5. Monitoring dan Evaluasi
a) Monitoring cakupan pengobatan massal dilaksanakan setiap
tahun setelah pengobatan massal
b) Survey cakupan pengobatan massal dilakukan setelah
pelaksanaan pengobatan massal tahun pertama
c) Survey evaluasi prevalensi mikrofilaria dilaksanakan
sebelum pengobatan massal tahun ketiga dan kelima
6. Sertifikasi Eliminasi Filariasis
Sertifikasi dilakukan setelah pengobatan massal tahun
kelima. Sertifikasi adalah penilaian untuk menentukan apakah
Kabupaten/Kota telah berhasil mengeliminasi filariasis.
7. Penatalaksanaan Kasus Klinis
Penatalaksanaan kasus klinis dilakukan dilakukan
terhadap semua kasus klinis yang ditemukan untuk mencegah
dan membatasi kecacatan. Penatalaksanaan kasus dilakukan
dengan pemberian obat dan perawatan.
8. Penatalaksanaan Kasus Asimptomatis
Setiap orang sehat yang ditemukan mikrofilaria dalam
darahnya mendapat pengobatan yang memadai agar tidak
menderita klinis filariasis dan tidak menjadi sumber penularan
terhadap masyarakat sekitarnya.
9. Pengendalian Vektor
Pengendalian nyamuk sebagai vektor penular filariasis
dilaksanakan untuk memutus rantai penularan. Dilaksanakan
secara terpadu dengan pengendalian vector penyakit malaria,
demam berdarah dan pengendalian vetor lainnya.
Gambar 1. Skema Proses Eliminasi Filariasis di Kabupaten/Kota

Kabupaten/Kota endemis rendah filariasis adalah Kabupaten/Kota


yang terdapat penderita filariasis, tetapi dengan microfilaria rate
<1%.
b.

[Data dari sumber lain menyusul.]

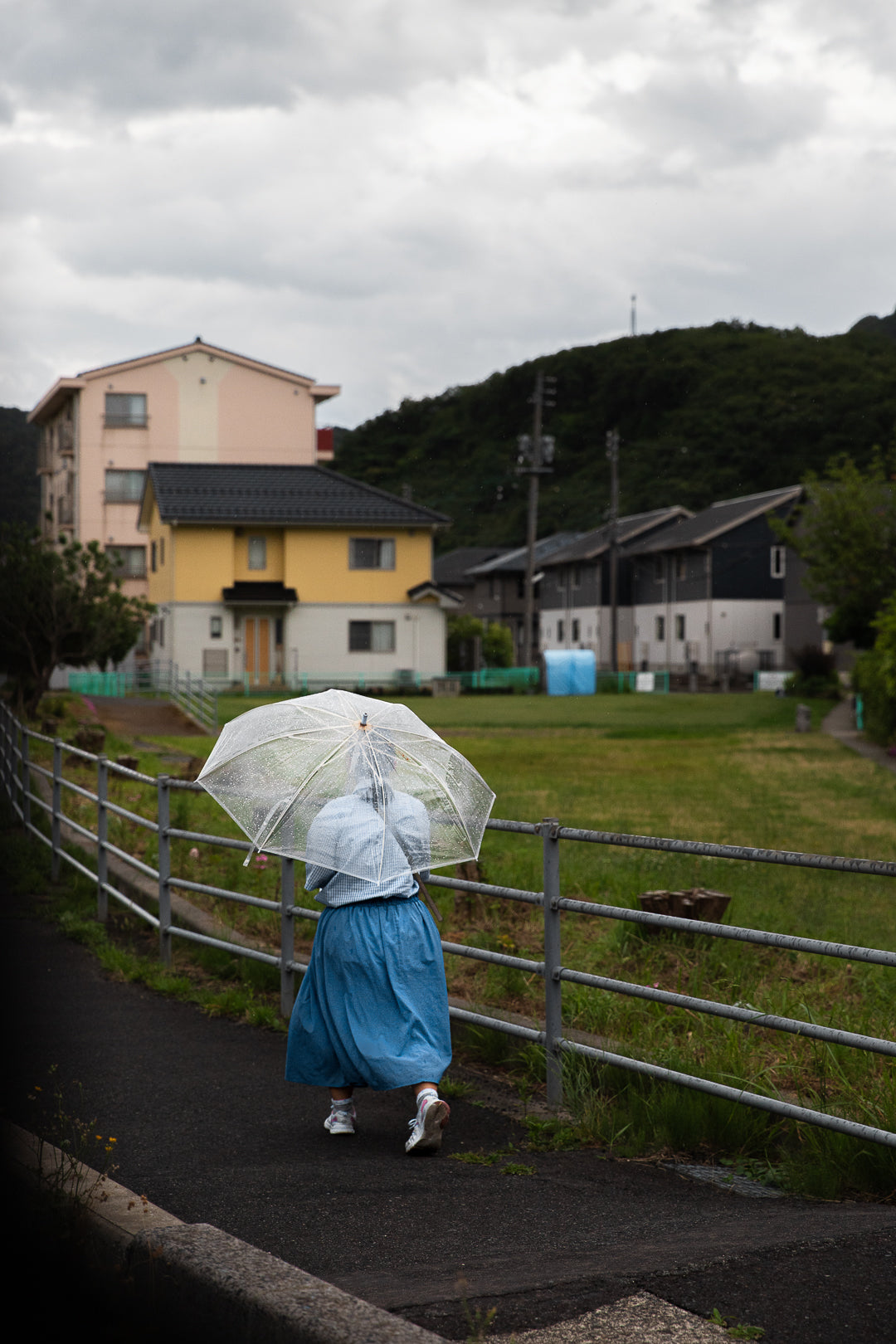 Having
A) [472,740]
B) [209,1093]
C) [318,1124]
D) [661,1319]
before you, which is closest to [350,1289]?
Result: [661,1319]

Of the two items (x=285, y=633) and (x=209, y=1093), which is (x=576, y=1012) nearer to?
(x=209, y=1093)

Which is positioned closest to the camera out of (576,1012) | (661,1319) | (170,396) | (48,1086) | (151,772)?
(661,1319)

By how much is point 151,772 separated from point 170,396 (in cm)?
3998

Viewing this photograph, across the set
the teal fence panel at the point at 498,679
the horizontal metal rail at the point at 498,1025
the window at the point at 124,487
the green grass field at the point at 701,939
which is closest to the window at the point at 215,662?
the teal fence panel at the point at 498,679

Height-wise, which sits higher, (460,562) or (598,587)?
(460,562)

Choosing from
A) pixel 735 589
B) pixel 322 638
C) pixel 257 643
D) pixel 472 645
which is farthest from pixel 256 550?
pixel 735 589

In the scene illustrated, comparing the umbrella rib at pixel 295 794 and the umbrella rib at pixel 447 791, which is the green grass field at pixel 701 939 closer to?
the umbrella rib at pixel 447 791

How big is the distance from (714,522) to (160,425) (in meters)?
26.1

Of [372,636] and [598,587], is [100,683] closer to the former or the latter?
[372,636]

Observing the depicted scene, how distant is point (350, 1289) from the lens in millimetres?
3123

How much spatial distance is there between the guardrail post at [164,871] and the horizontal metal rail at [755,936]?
3047 millimetres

Pentahapan Propinsi
1. Propinsi bertugas untuk menentukan endemisitas filariasis
semua Kabupaten/Kota yang ada di wilayahnya yang diharapkan
selesai Tahun 2006.
2. Propinsi mendorong perluassan pelaksanaan eliminasi filariasis,
sehingga semua Kabupaten/Kota endemis filariasis
melaksanakan program eliminasi. Pada Tahun 2014, semua
Kabupaten/Kota endemis filariasis telah selesai melaksanakan
pengobatan massal.
3. Melaksanakan kerjasama lintas batas Kabupaten/Kota
c. Pentahapaan Nasional
1. Mendorong perluasan jangkauan program ke seluruh propinsi
2. Mendorong kerjasama lintas batas antar propinsi
3. Mendorong kerjasama lintas batas dengan negara lian
4. Pada Tahun 2014, semua Kabupaten/Kota endemis filariasis
telah melaksanakan pengobatan massal filariasis tahun kelima
5. Pra sertifikasi eliminasi filariasis dilakukan Tahun 2015 – 2020

Pengobatan Massal Filariasis


a. Tujuan
Dalam rangka Eliminasi Filariasis, tujuan pengobatan massal
adalah untuk memutus transmisi filariasis :
1. Menurunkan mikrofilaria rate menjadi < 1%
2. Menurunkan kepadatan rata – rata mikrofilaria
b. Sasaran Pengobatan Massal
Sasaran pengobatan massal dilaksanakan serentak terhadap
semua penduduk yang tinggal di daerah endemis filariasis, tetapi
pengobatan untuk sementara ditunda bagi :
1. Anak – anak berusia kurang dari 2 tahun
2. Ibu hamil
3. Orang yang sedang sakit berat
4. Penderita kasus kronis filariasis sedang dalam serangan akut
5. Balita dengan marasmus atau kwasiorkor
c. Jenis Obat dan Cara Pemberian
Pengobatan massal filariasis menggunakan obat DEC (Diethyl
Carbamazine Citrate), Albendazole dan Paracetamol yang diberikan
sekali setahun selama minimal 5 tahun. DEC diberikan 6 mg/kgBB,
Albendazole 400 mg untuk semua golongan umur dan Paracetamol
10 mg/kgBB sekali pemberian. Sebaliknya obat diminum sesudah
makan dan di depan petugas.
d. Evaluasi Pengobatan Massal
1. Cakupan Geografis
Cakupan geografis adalah persentase Desa/Kelurahan yang
diobati dalam satu Kabupaten/Kota disetiap tahun pengobatan.
Cakupan ini dihitung dengan rumus sbb :

Jumlah Desa/Kelurahan yang Diobati x 100


Jumlah Seluruh Desa/Kelurahan
Cakupan ini dipergunakan untuk menilai apakah pengobatan
massal telah dilaksanakan di seluruh Desa/Kelurahan di
Kabupaten/Kota yang endemis tersebut. Kadang – kadang tidak
semua Desa/Kelurahan diobati, sehingga cakupan pengobatannya
menjadi rendah.
2. Cakupan Pengobatan Massal
a) Cakupan Pengobatan
Cakupan ini dibuat setiap tahun, dengan perhitungan sbb :

Angka Pencapaian Pengobatan

Jumlah Penduduk yang Meminum Obatnya x 100


Jumlah Seluruh Penduduk di Kab/Kota
Cakupan ini dapat menjelaskan jumlah penduduk yang
beresiko untuk diobati dan aspek epidemiologinya.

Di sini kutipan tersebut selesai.